**Your objective**. Your copy must start with the line containing "X0000090761169200707201457" and end with the last line of the entries, matching them exactly and leaving out every picture.

______

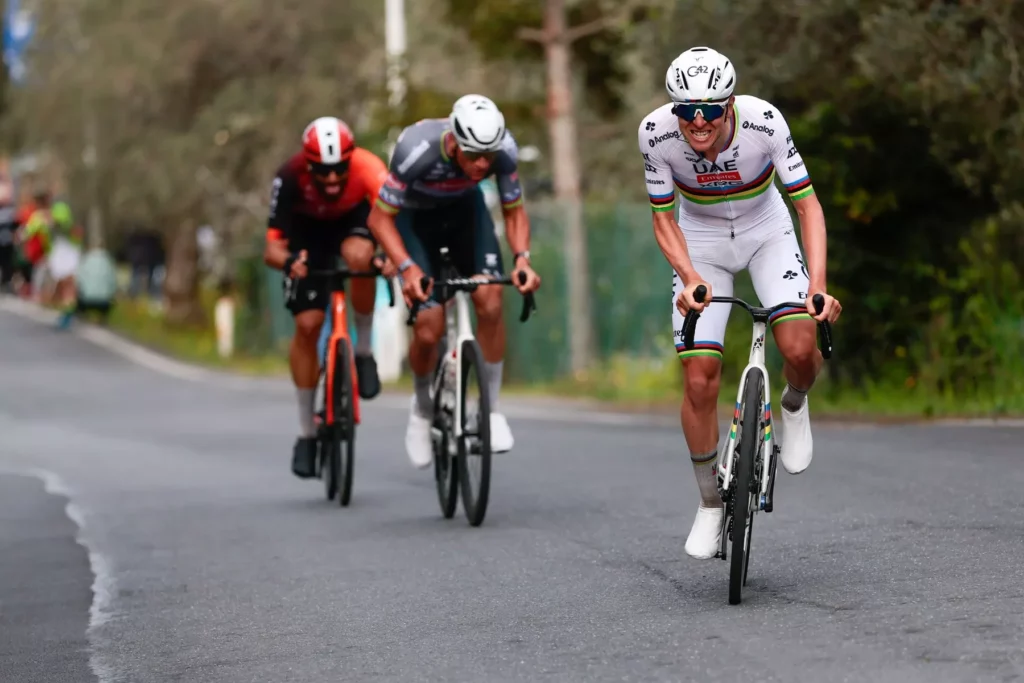 naplni-cipressa-pogacaruv-sen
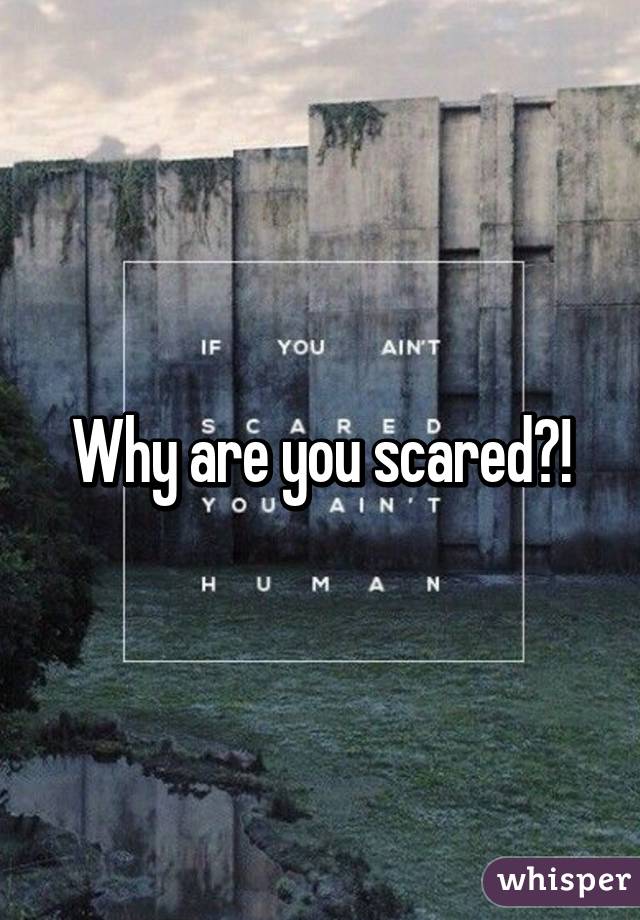 Why are you scared?!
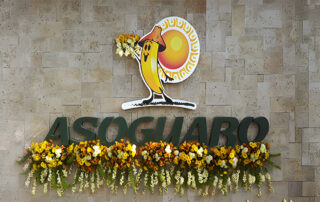 Cover logo asoguabo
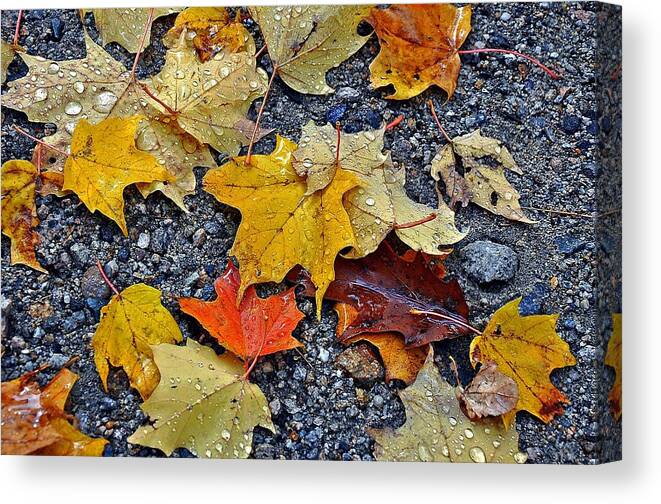 Autumn Canvas Print featuring the photograph Autumn Leaves in Rain by Phyllis Meinke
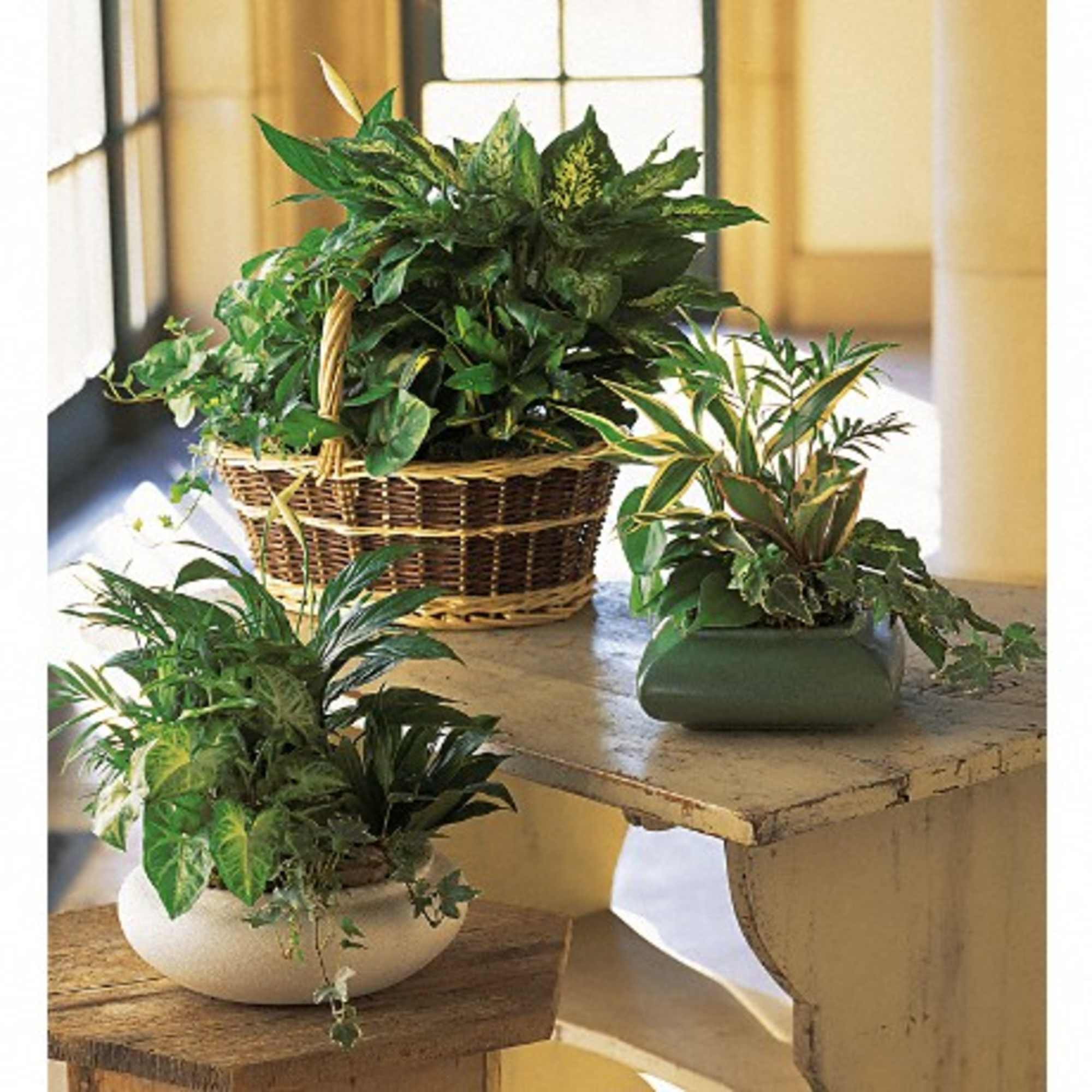 This impressive garden of indoor plants will be a warm welcome to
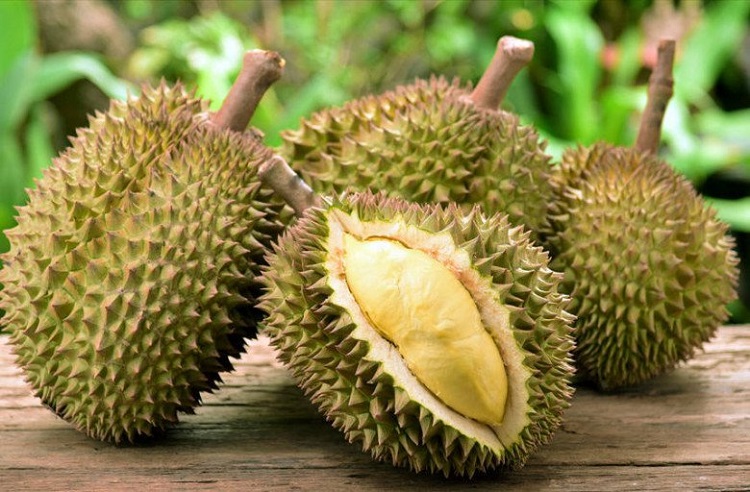 mơ thấy quả sầu riêng đánh con gì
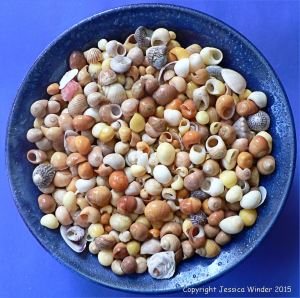 Colourful seashells in a blue bowl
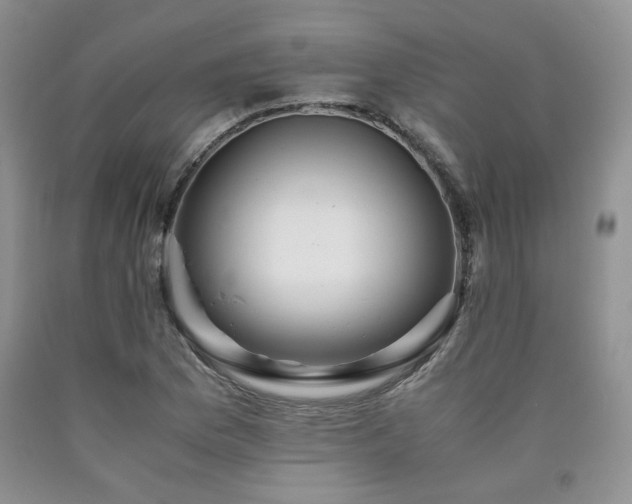 X0000090761169200707201457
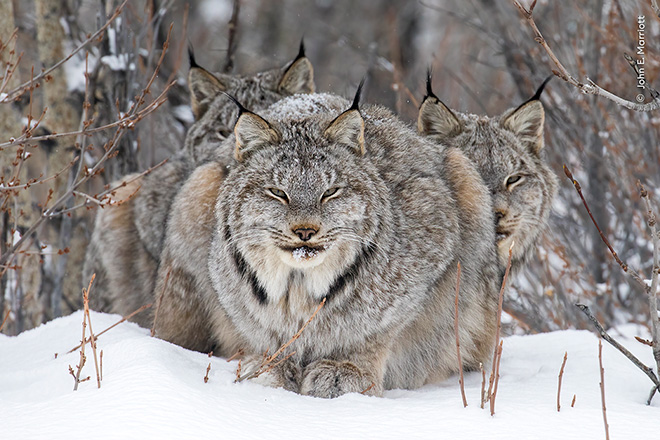 ©John Marriott / Wildlife Photographer of the Year. On Watch by John E Marriott, Canada Winner, Animal Portraits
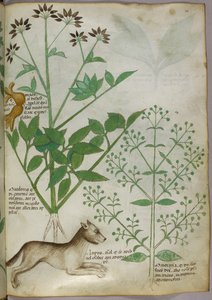 Botanická ilustrace rostliny a vlka. od Unknown artist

______

**Answer to the exercise**.
 X0000090761169200707201457
 ©John Marriott / Wildlife Photographer of the Year. On Watch by John E Marriott, Canada Winner, Animal Portraits
 Botanická ilustrace rostliny a vlka. od Unknown artist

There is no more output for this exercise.